La bonne occase
Rossini a 20 ans. Son génie
mélodique semble inépuisable. Son énergie est formidable.
En cette année 1812, il ne compose pas moins de 5 opéras
! Parmi eux, L'occasione fa il ladro. Il s'agit d'une farce musicale,
genre mineur dérivé de l'intermezzo du XVIIIème
siècle. Un acte, un orchestre réduit, de 5 à 6 personnages,
notre jeune compositeur y trouve l'occasion de fourbir ses armes. Les cordes
frémissent déjà, les bois tourbillonnent, les voix
s'entremêlent joyeusement, le crescendo emporte le morceau.

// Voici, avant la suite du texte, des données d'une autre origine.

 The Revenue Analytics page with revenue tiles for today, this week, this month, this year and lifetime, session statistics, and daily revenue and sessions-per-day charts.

Une année après surviendra Tancredi. L'Europe est prête
à s'enflammer.
Le livret n'est pas le point fort de
la pièce. Il provient d'une des premières comédies
d'Eugène Scribe et raconte l'imbroglio amoureux que provoque un
échange de valises. Pour mettre un peu de Tabasco dans l'histoire,
Dan Jemmet, le metteur en scène, a choisi de transporter l'action
de Naples au Far West. Les costumes semblent provenir d'un album
de Lucky Luke ou d'un épisode des Mystères de l'Ouest.

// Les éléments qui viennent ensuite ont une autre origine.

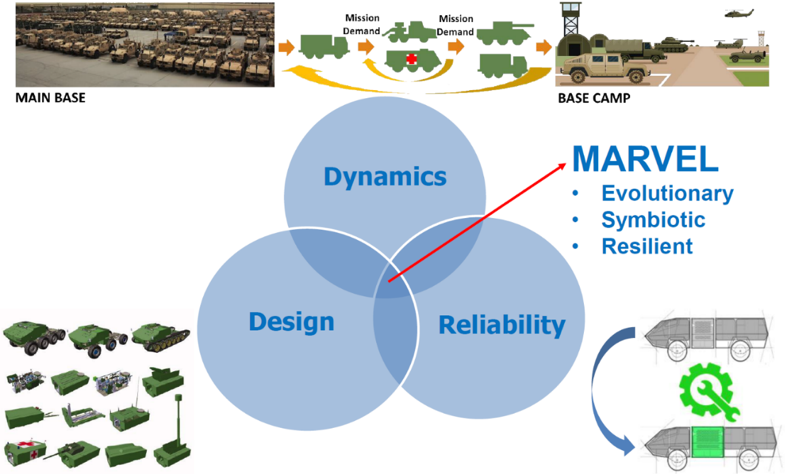 graphic illustrating components of this study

On retrouve d'ailleurs le wagon de James West au centre de la scène
avec ses portes qui claquent comme dans le meilleur des vaudevilles. Plantation
de cactus, lancer de lasso, simulation d'une chevauchée effrénée
participent au dépaysement. Le sens de cette transposition reste
inexpliqué. Une manière de se mettre au diapason de la fantaisie
rossinienne, peut-être... Heureusement, la pièce en sort indemne,
ni plus drôle, ni moins car, comme toujours chez Rossini, le ressort
comique se trouve avant tout dans la musique. Il est difficile de lui voler
la vedette.
La musique, justement, est tenue de
main de maître par Jean-Christophe Spinosi et son Ensemble Matheus.

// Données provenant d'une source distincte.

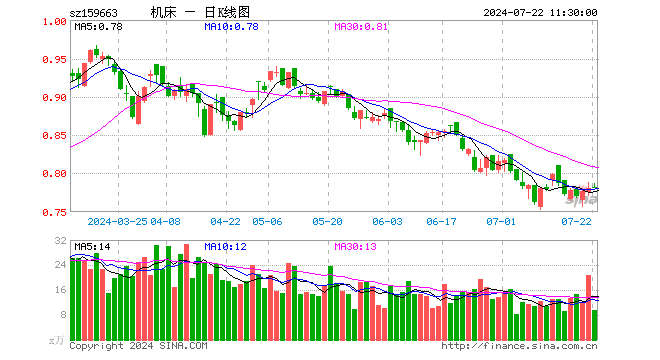 机床ETF（159663）涨0.13%，半日成交额742.69万元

Souvenez-vous, leur Orlando Furioso de Vivaldi en octobre dernier
sur la même scène fut une révélation. Le chef
d'orchestre, Marie-Nicole Lemieux à sa droite, Philippe Jarrousky
à sa gauche, ressuscitait la partition en nous prouvant qu'il y
avait un après Marylin Horne (1). Il est ce
soir un cran en dessous. Obligatoirement. On ne peut pas toujours flirter
avec les cimes. Quelques décalages, quelques dissonances inattendues
dans ce répertoire sont péchés véniels en regard
de l'énergie qui se dégage de la fosse. Car l'orchestre jubile.
A 20 ans, Rossini n'en demande pas plus.
(Benoît Bénichou
- Jacques Catalayud)
© Alain Monot
Les jeunes chanteurs français
qui composent le plateau seront-ils les grands interprètes belcantistes
de demain ? Je n'en mettrai pas mon clavier au feu. Mais la distribution
est homogène. Enthousiaste aussi. Leur plaisir de jouer, de chanter
est communicatif. Benoît Benichou emporte la palme. La voix
est plus que légère mais élégante, agile avec
une grande aisance dans le registre aigu. Son comte Alberto ne fréquente
pas assidûment les salles de musculation mais sa fragilité
fait son charme et appartient finalement au personnage. Son coeur bat pour
la Bérénice de Chantal Perraud. L'amour serait-t-il
sourd, lui qui est déjà aveugle ? Car le timbre de la soprano
manque cruellement de séduction. Les écueils de la partition
sont toutefois courageusement affrontés et surmontés. Reste
une héroïne plus proche de la mégère que de l'amoureuse.
Le chant fruste de Jacques Catalayud rend Don Parmenione trop plébéien.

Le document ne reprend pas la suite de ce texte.